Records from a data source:
- - - -
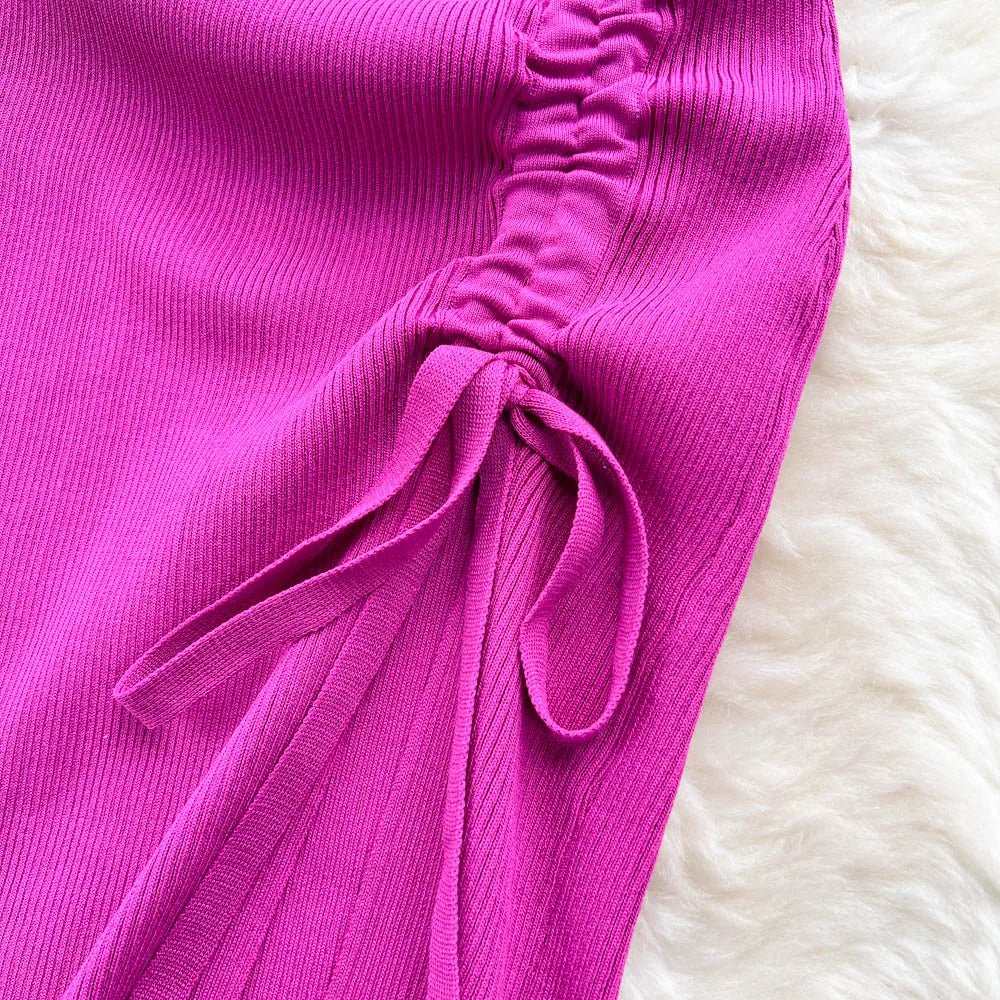 YuooMuoo Fashion Summer Bodycon Knitted Dress Sexy Package Hips Drawstring Split Black Women Dress Basic Lady Party Vestidos - MAGUSTA BEAUTY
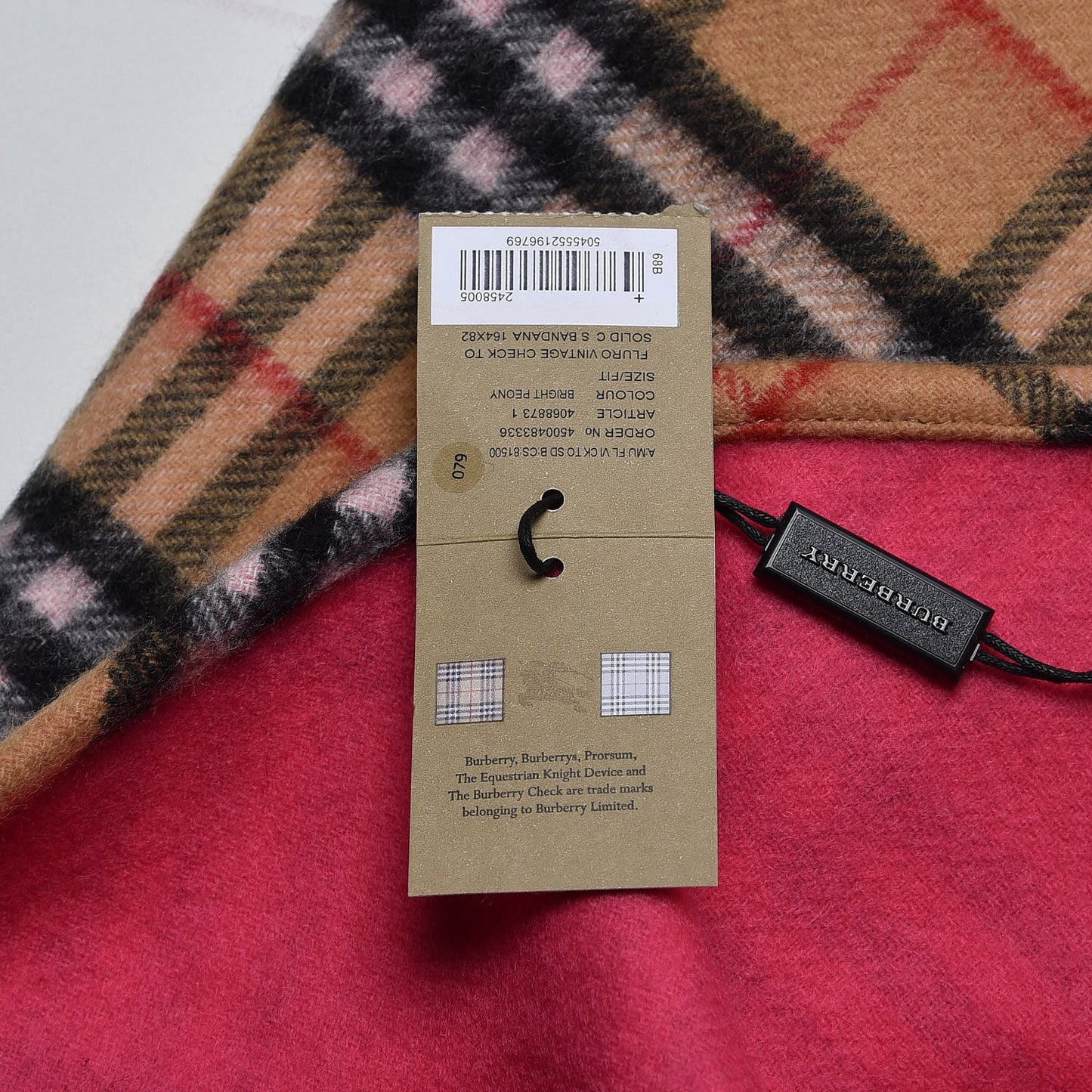 Cashmere Fluorescent Vintage Check Bandana Scarf Bright Peony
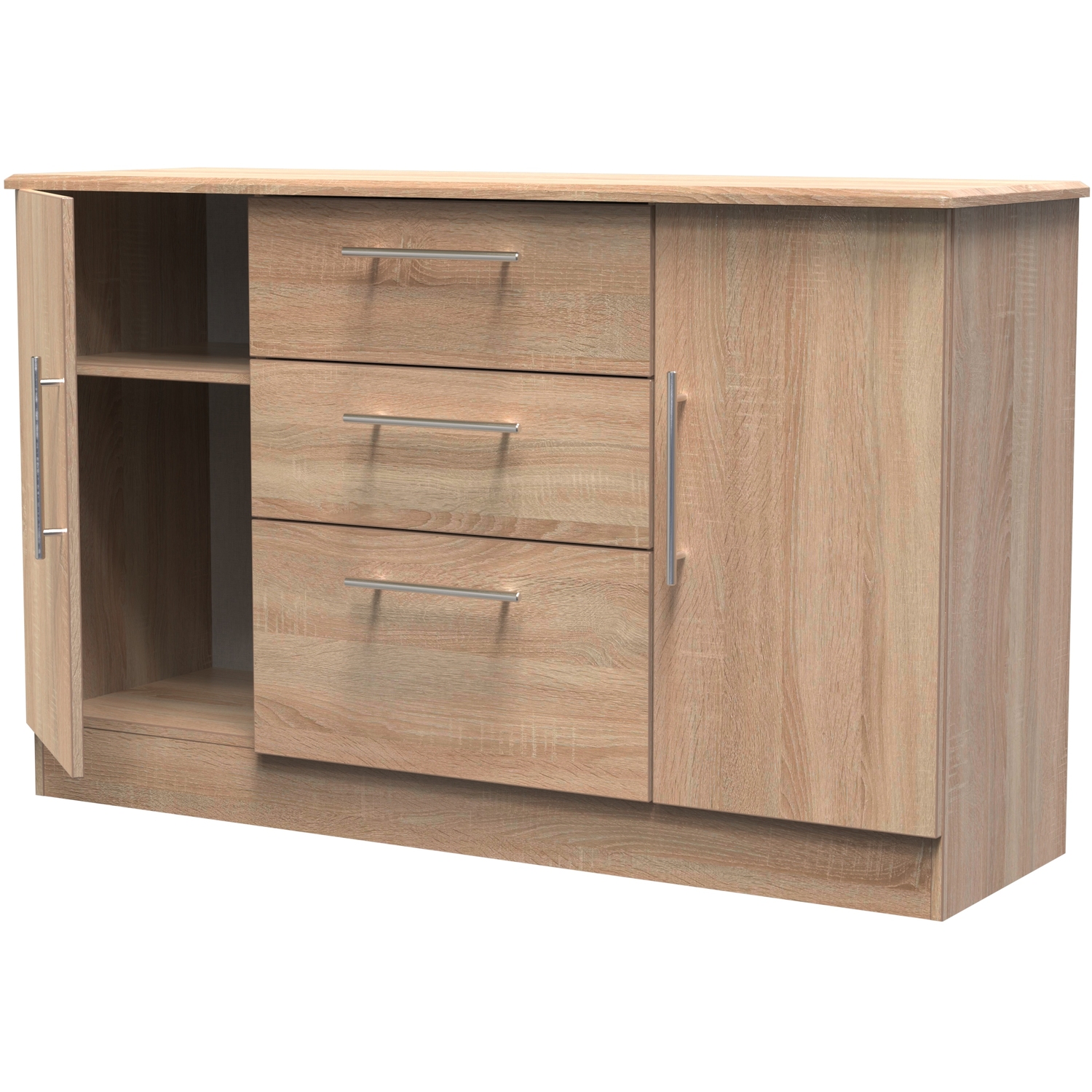 Sherwood Ready Assembled 2 Door 3 Drawer Sideboard - Bardolino Oak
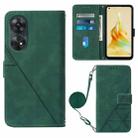 For OPPO  Reno 8T 4G Global Crossbody 3D Embossed Flip Leather Phone Case(Dark Green) - 1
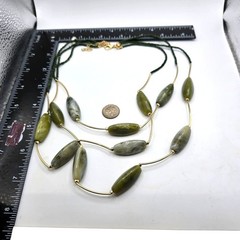 Necklace Vintage Three Strand Green Beads Gold Tone Chain 22-24″ SKU2146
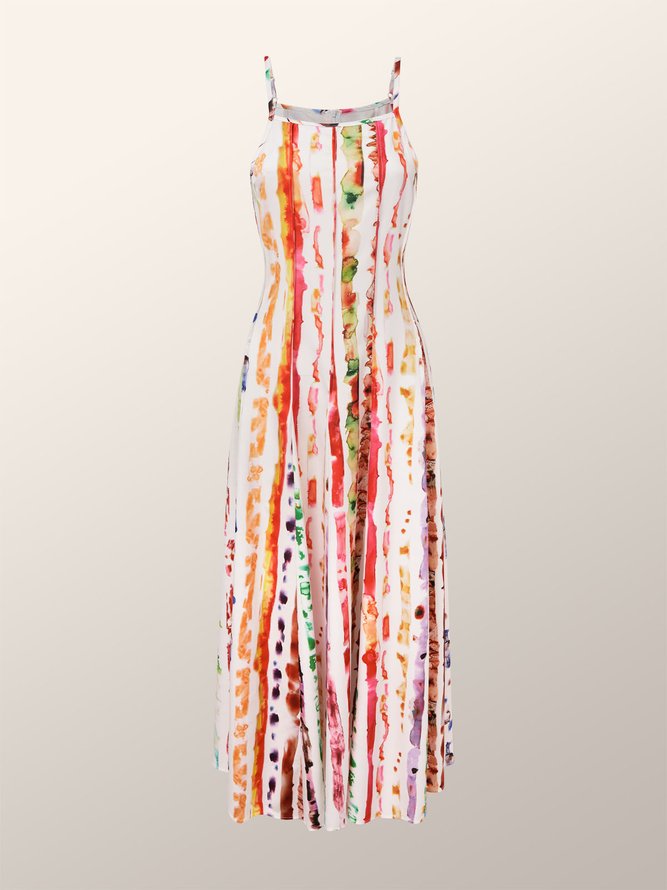 Regular Fit Vacation Random Print Spaghetti Dress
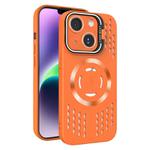 For iPhone 14 Plus Lens Holder MagSafe Cooling Phone Case(Orange)
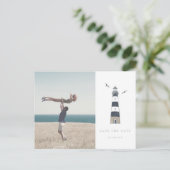 Vuurtoren nautische foto opslaan van de datum briefkaart (Staand voorkant)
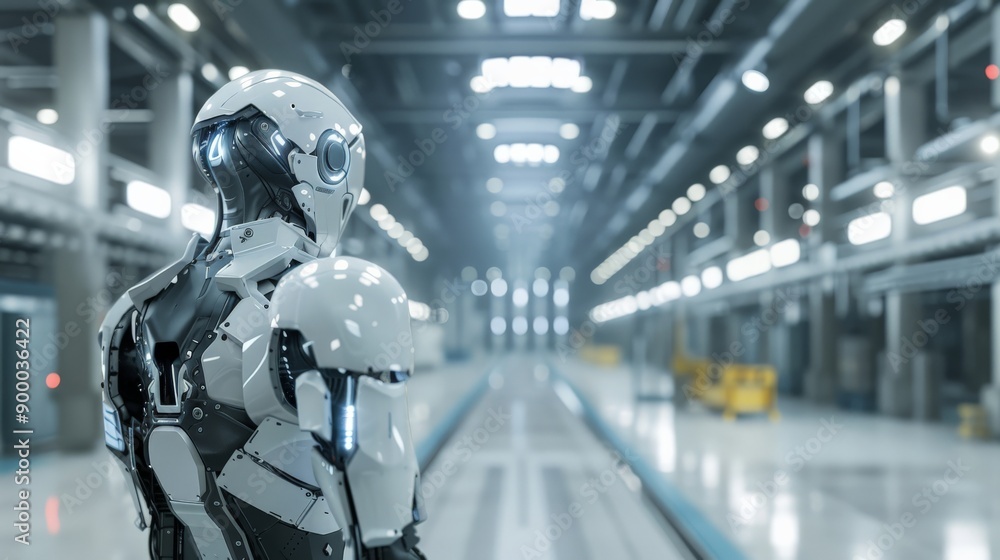 Aufkleber White humanoid robot in an advanced factory environment. Depiction of futuristic AI and robotic technology.
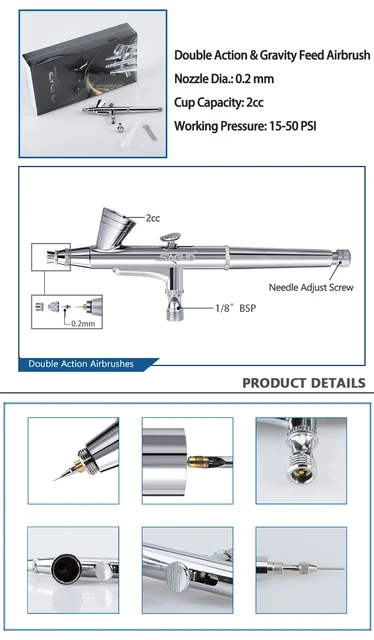 エアブラシキット 重力フィードデュアルアクションエアブラシキット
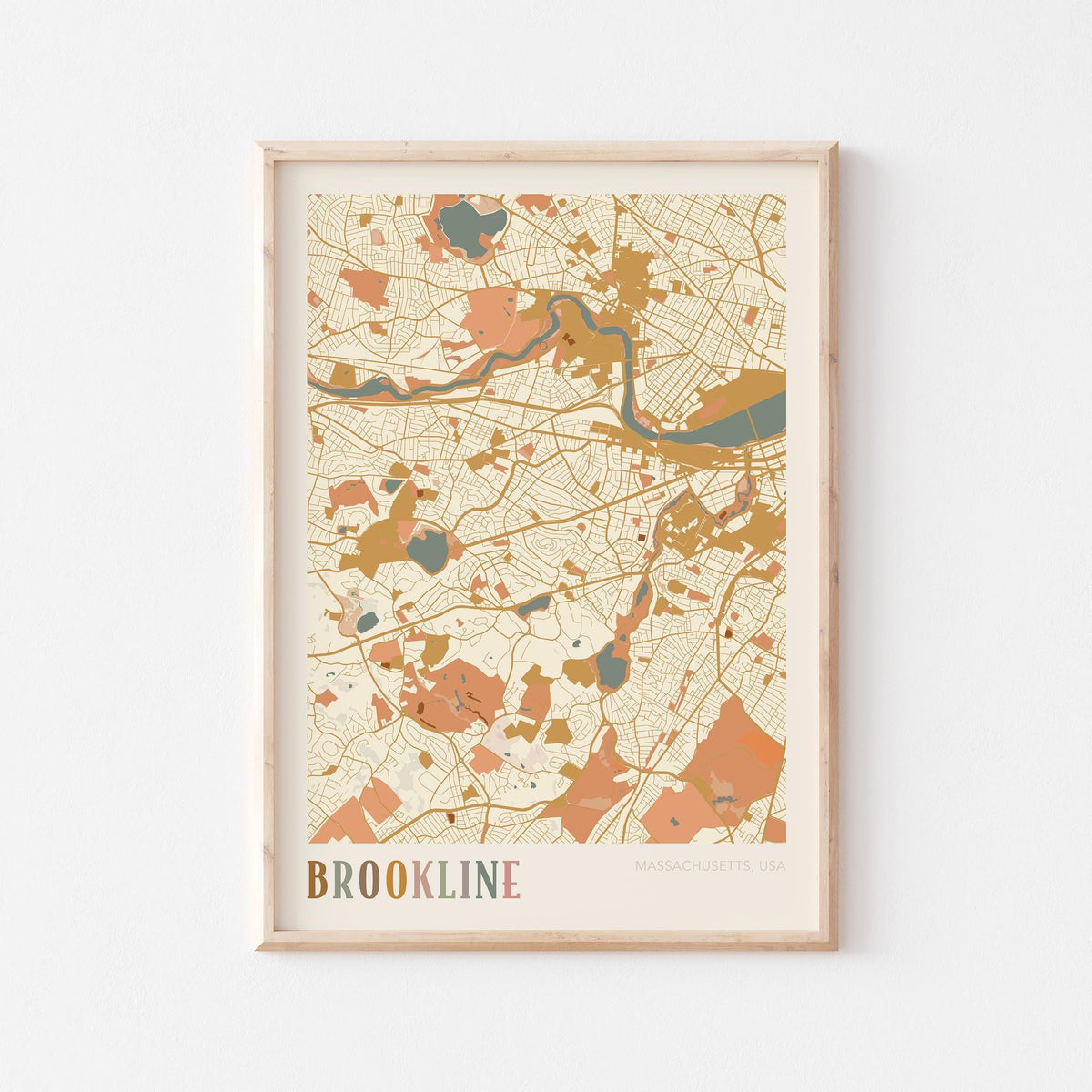 brookline, massachusetts map poster - image 1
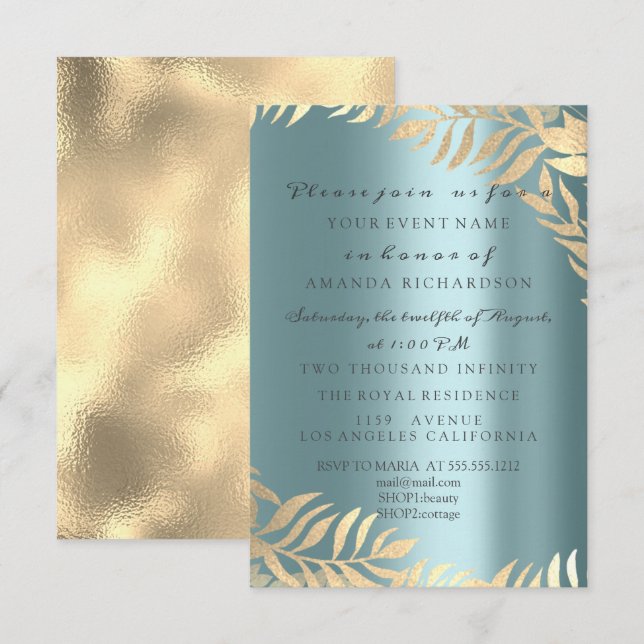 Convites Jungle Azul Dourada Elegante Noiva Aniversário (Frente/Verso)
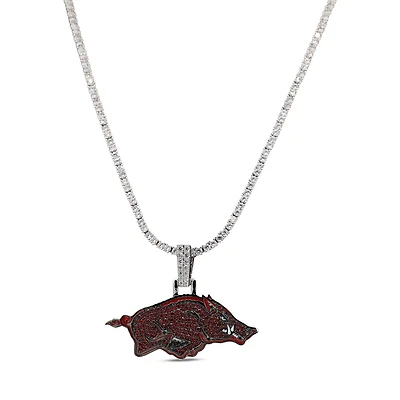 The GLD Shop Arkansas Razorbacks 14K White Gold Logo Pendant & 20" Tennis Chain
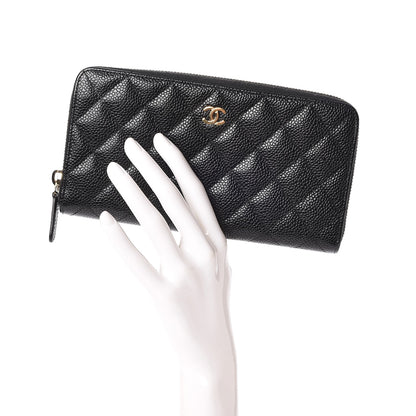 Chanel Caviar Quilted Large Gusset Zip Around Wallet Black 2 of 9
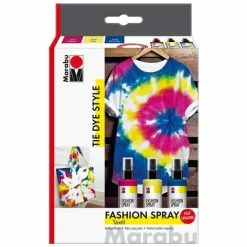 Marabu Kit Peinture Textile Fashion Spray - Tie Dye - 3 X 100 Ml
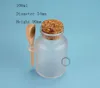 Wholesale- 45pcs/Lot Wholesale Plastic Cosmetic Bottle 100ml Bath Salt Pot With Wooden Spoon Facial Mask Refillable Container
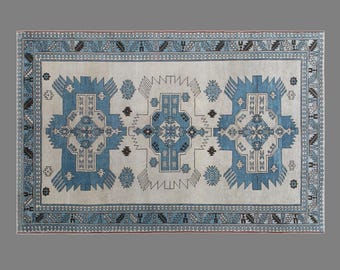 One of a Kind Turkish Rug 6'7" x 10'1" (202x308 cm), 60+ Years Old Oushak Rug, Vintage Handmade Wool Rug, Antique Rug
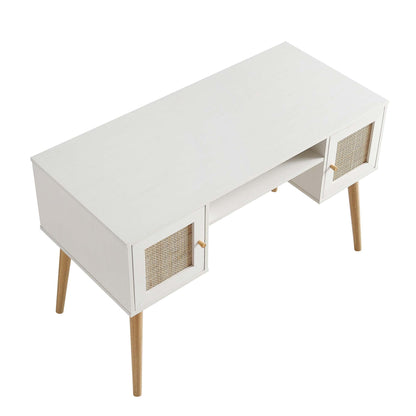 Bureau 2 portes en rotin tressé Frances, blanc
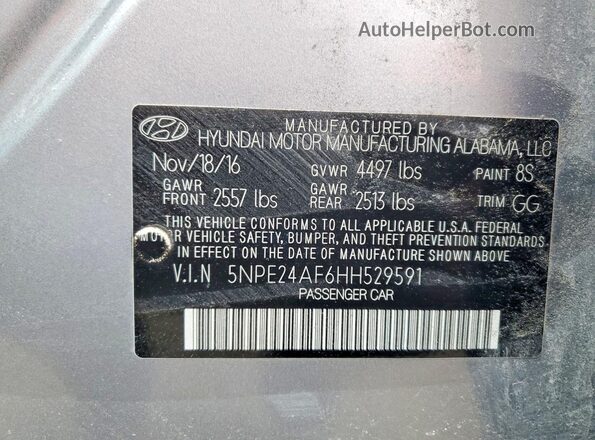 5NPE24AF6HH529591 2017 HYUNDAI SONATA Серебряный Вид подкапотного пространства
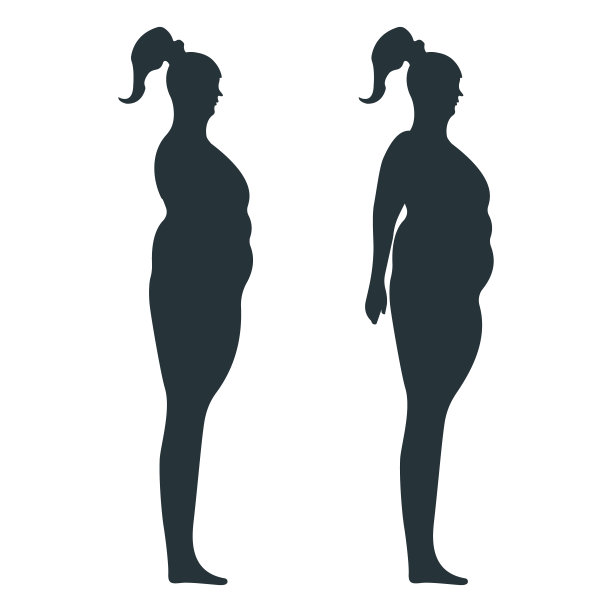 黑色视图侧体剪影，肥胖超重女性解剖人的性格，人假孤立在白色，平面矢量插图。不健康的生活方式。图片下载
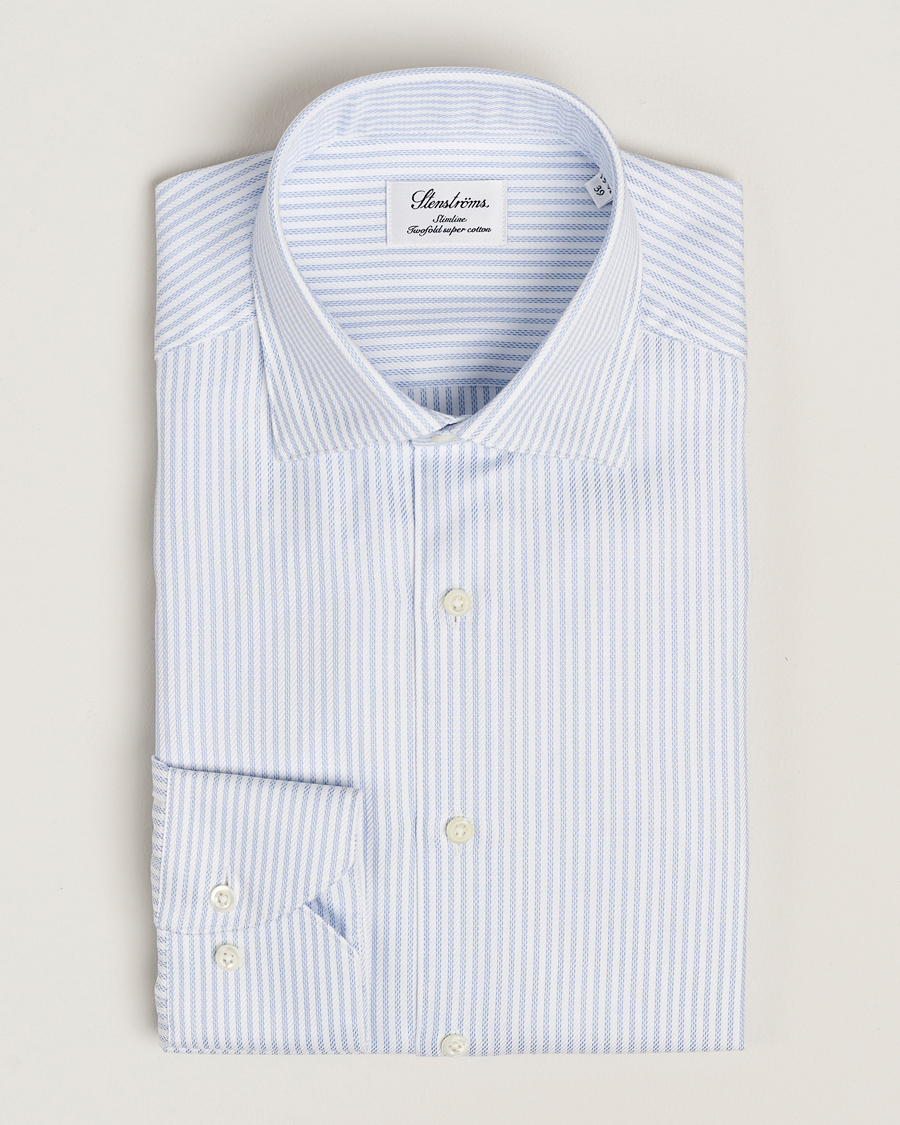 Heren | Overhemden | Stenströms | Slimline Striped Twill Cut Away Shirt White/Blue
- - - -
● **EXERCISE DIRECTIONS**: From the line containing "Vuurtoren nautische foto" through the line containing "brookline, massachusetts map", copy every line above exactly, without pictures.

● **ANSWER BOX**:
 Vuurtoren nautische foto opslaan van de datum briefkaart (Staand voorkant)
 Aufkleber White humanoid robot in an advanced factory environment. Depiction of futuristic AI and robotic technology.
 エアブラシキット 重力フィードデュアルアクションエアブラシキット
 brookline, massachusetts map poster - image 1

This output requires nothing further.